EXERCISE OBJECTIVE =
Your answer must repeat all of the entries word for word, without any images.

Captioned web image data
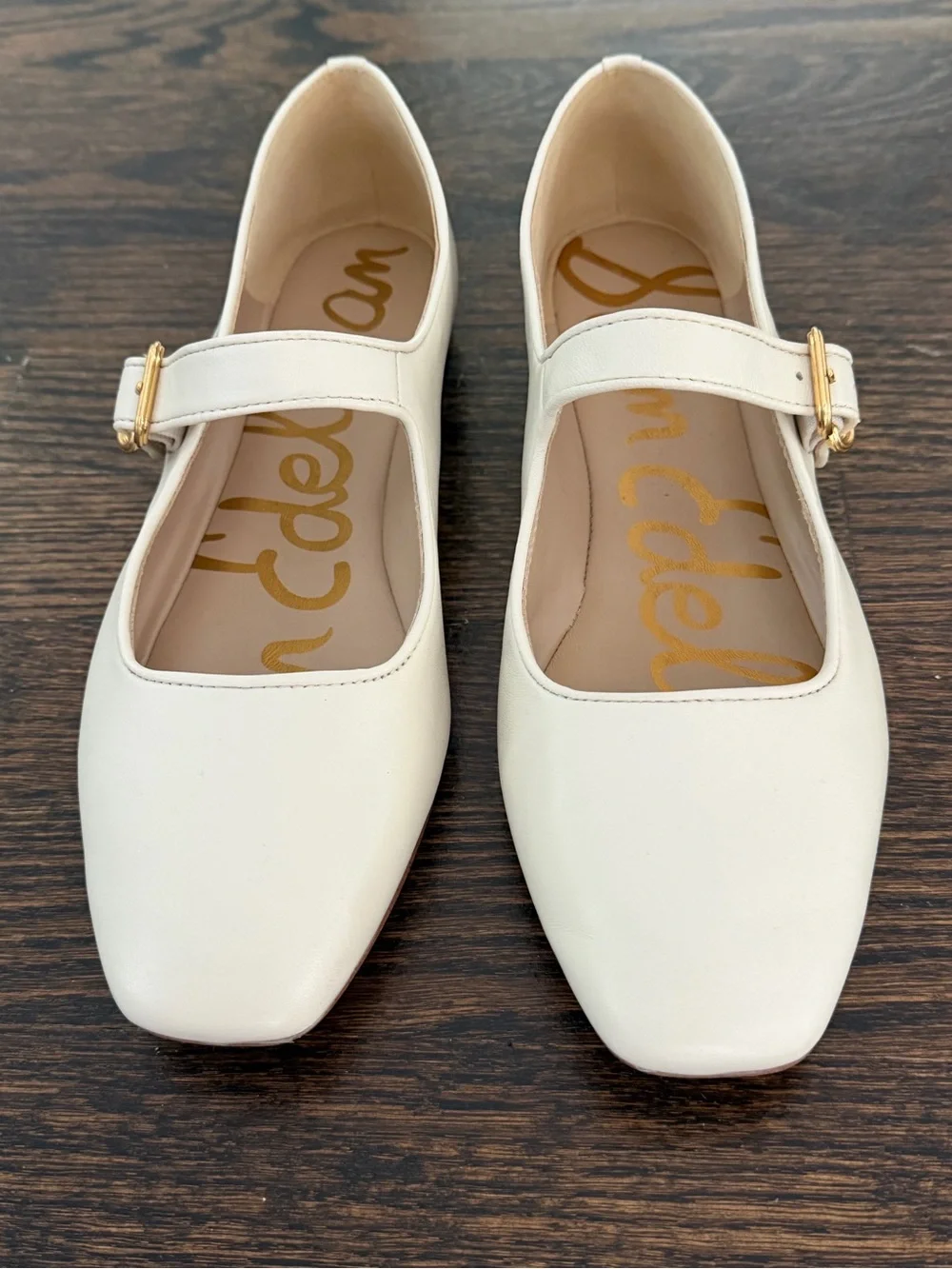 Sam Edelman Michaela Mary Jane Flats with Gold Buckles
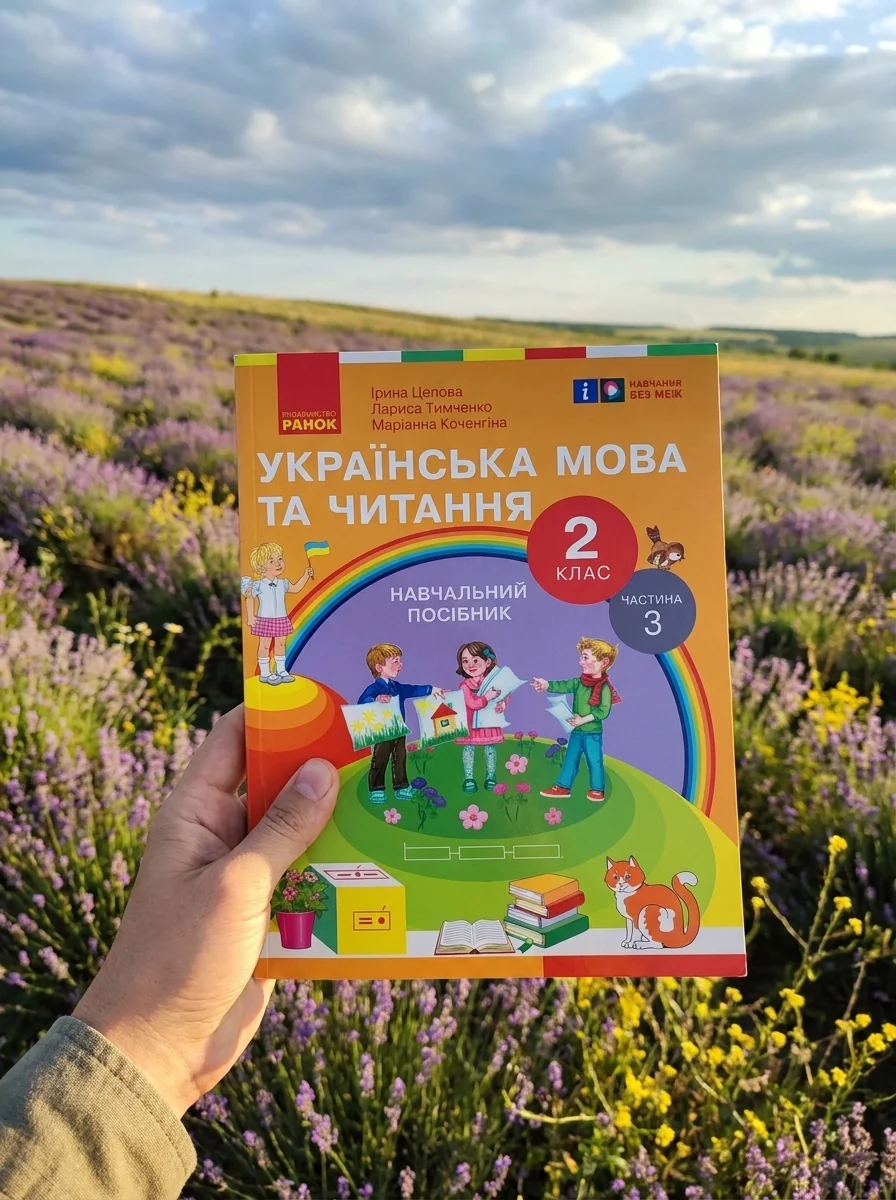 Українська мова та читання. 2 клас. Навчальний посібник у 6-ти частинах. Частина 3 — Лариса Тимченко, обкладинка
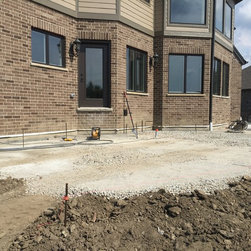 Back patio install with fire pit - Products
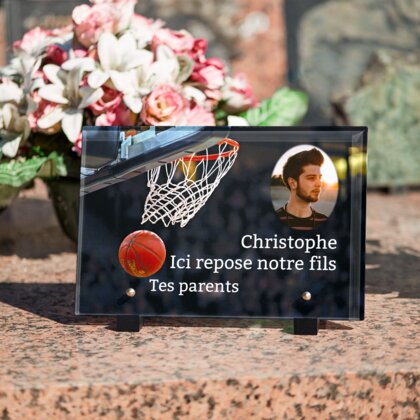 Plaque funéraire basketball 24 plapuedacaes.com
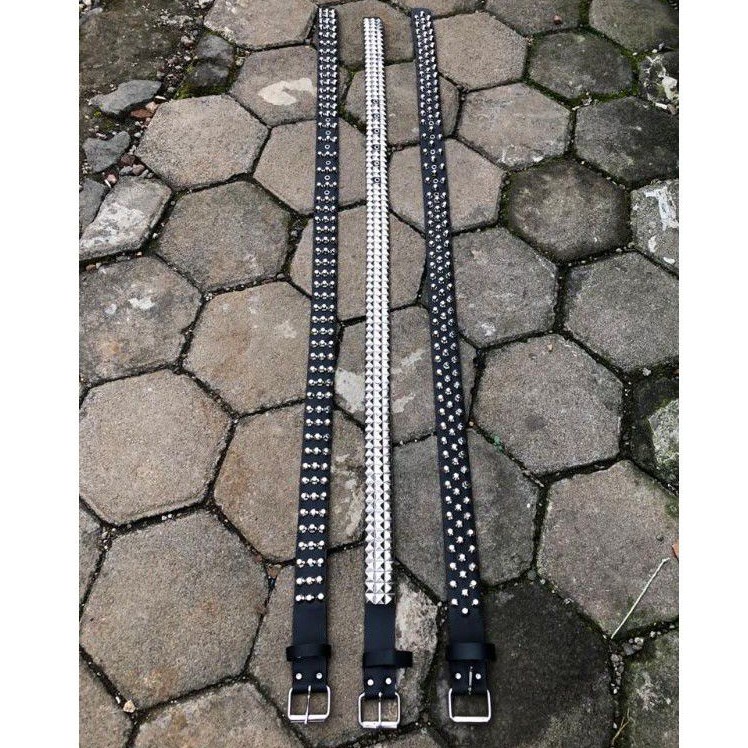 belt spike piramid punk / Gesper spike punk / Sabuk spike punk rock / Ikat pinggang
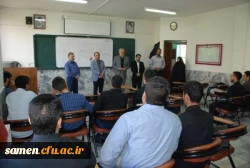 حضور دکتر مجتبوی مدیریت محترم امورپردیسها دانشگاه فرهنگیان خراسان رضوی از کلاسهای آموزشی واحد ثامن الحجج (ع) مشهد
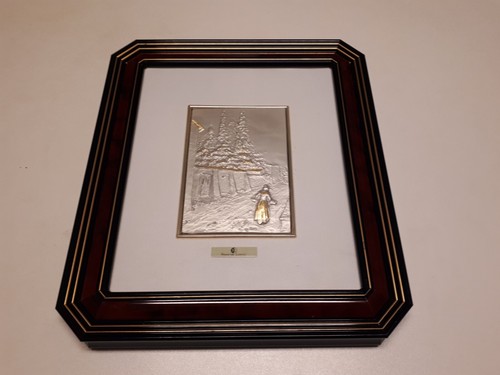Quadro lamina argento 925 - lamina, d'argento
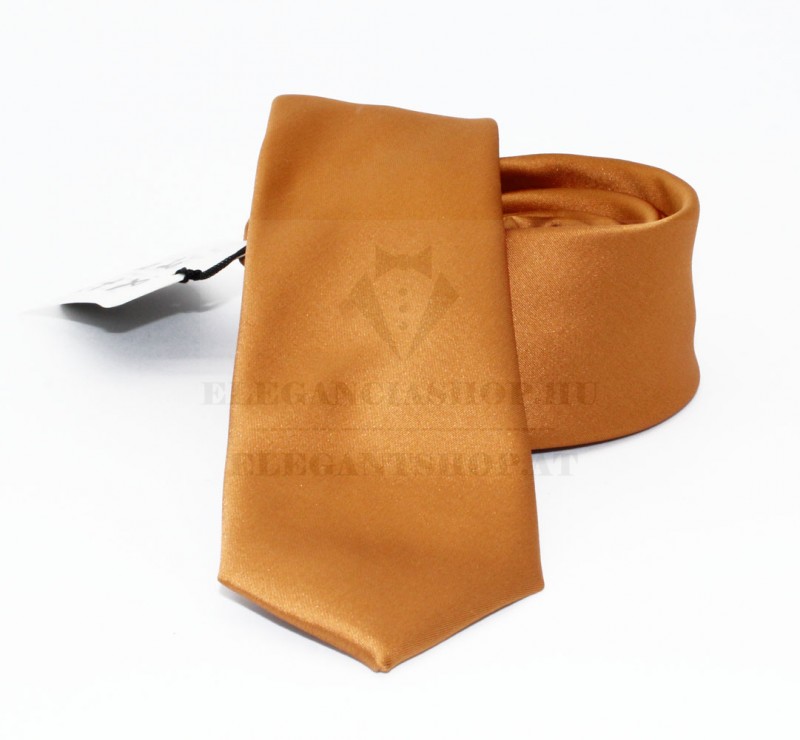 NM slim szatén nyakkendő - Óarany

FINAL ANSWER =
 Sam Edelman Michaela Mary Jane Flats with Gold Buckles
 Українська мова та читання. 2 клас. Навчальний посібник у 6-ти частинах. Частина 3 — Лариса Тимченко, обкладинка
 Back patio install with fire pit - Products
 Plaque funéraire basketball 24 plapuedacaes.com
 belt spike piramid punk / Gesper spike punk / Sabuk spike punk rock / Ikat pinggang
 حضور دکتر مجتبوی مدیریت محترم امورپردیسها دانشگاه فرهنگیان خراسان رضوی از کلاسهای آموزشی واحد ثامن الحجج (ع) مشهد
Quadro lamina argento 925 - lamina, d'argento
 NM slim szatén nyakkendő - Óarany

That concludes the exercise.